A key difference between ERCOT and other RTOs is that ERCOT does not use a capacity market. Capacity-market resources face a higher deliverability test, which interconnection criteria have been synced to. The ERCOT model does not require generators to pass an extensive deliverability test, instead informing prospective generators of how their deliverability outlook affects their transmission congestion and curtailment risk. This approach places siting risk on generators, whereas other RTOs play a gatekeeper role based on crude assessments of generators’ deliverability. Even in capacity-market regions, interconnection criteria could be simplified to connect “as-available” resources to energy markets initially, with an option to upgrade later as a capacity resource. 

Congressional Action

Congress can play a crucial role in expediting interconnection reforms without wading into technocratic decision-making. The knowledge of what should be done, categorically, is well known. FERC has authority to make the changes.
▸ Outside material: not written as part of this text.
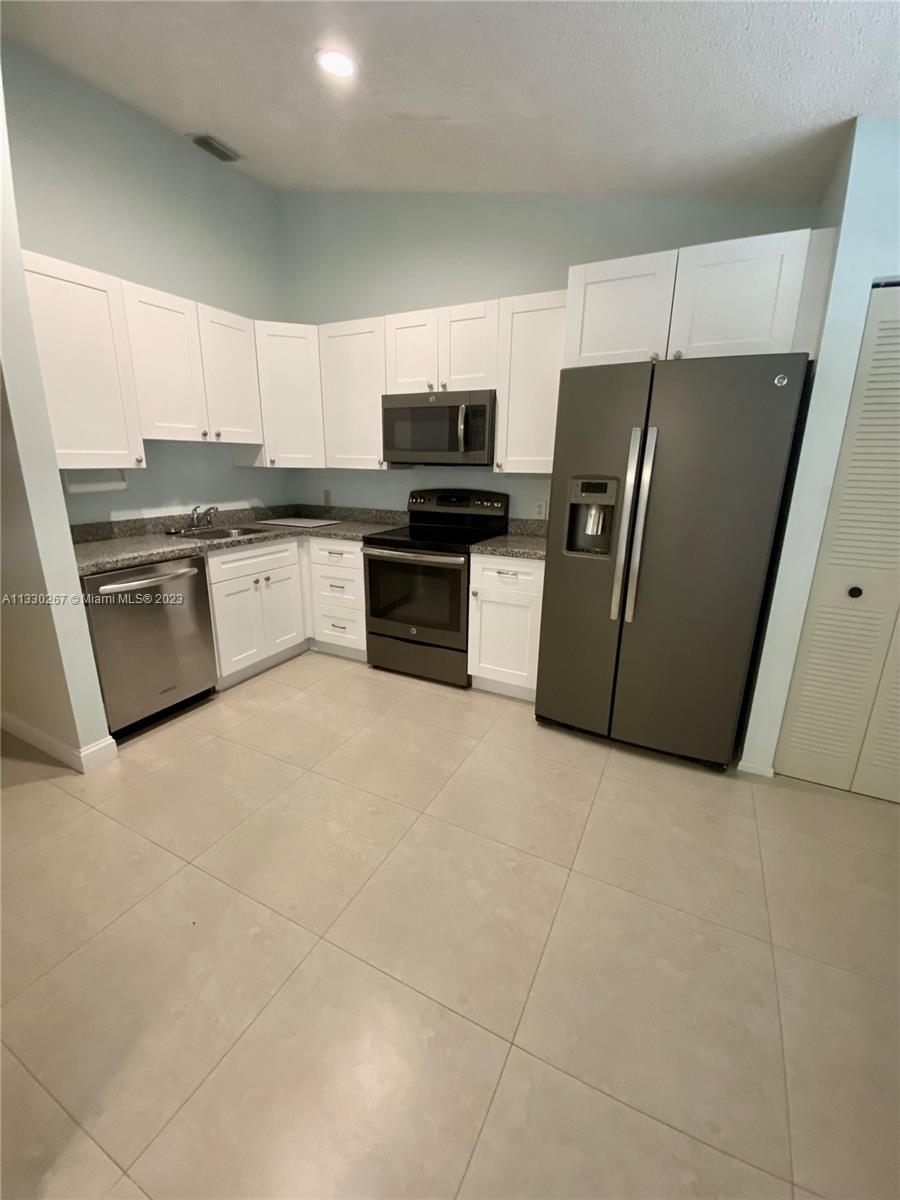BRIARRIDGE 1 - Residential Lease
However, FERC is backlogged just as badly as interconnection queues are and would have to procedurally reestablish a record with elongated comment periods before moving forward on a supplemental rulemaking to Order 2023. Further, FERC’s institutional deficiencies were evident in why Order 2023 fell short, diminishing confidence in how well the agency could initiate deeper reforms. 
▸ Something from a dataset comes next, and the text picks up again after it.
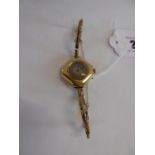Vintage 9ct gold octagonal ladies wristwatch on plated strap (22.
Congress could ensure key reforms get done and expedite reform by at least two years while delegating technical parameters to FERC and industry stakeholders. Given the year-to-year sensitivity of reliability conditions, finishing interconnection reforms on an expedited track is imperative. Congress could categorically call on FERC to: 

  1. Require grid operators to use accurate and consistent study assumptions for all generation types based on actual operating practices.
  2. Adopt the most cost-effective network upgrades policy, with an emphasis on reexamining the role of proactive regional transmission planning. 
  3. Ensure interconnection studies evaluate advanced transmission technologies and system redispatch for least-cost upgrade solutions and transparently explain solution selection criteria. 
  4. Permit fast-tracking of interconnection requests for generators willing to accept “as-available” interconnection service and bear the risks of curtailment and congestion. 
  5. Ensure grid operators have support and direction to employ advanced computing technologies, including automation and artificial intelligence, to expedite interconnection studies. 

Given the parallels to permitting reform, packaging permitting and interconnection reform has obvious appeal. Such a bill to expedite infrastructure through regulatory modernization would considerably improve the outlook for energy reliability, affordability and environmental performance.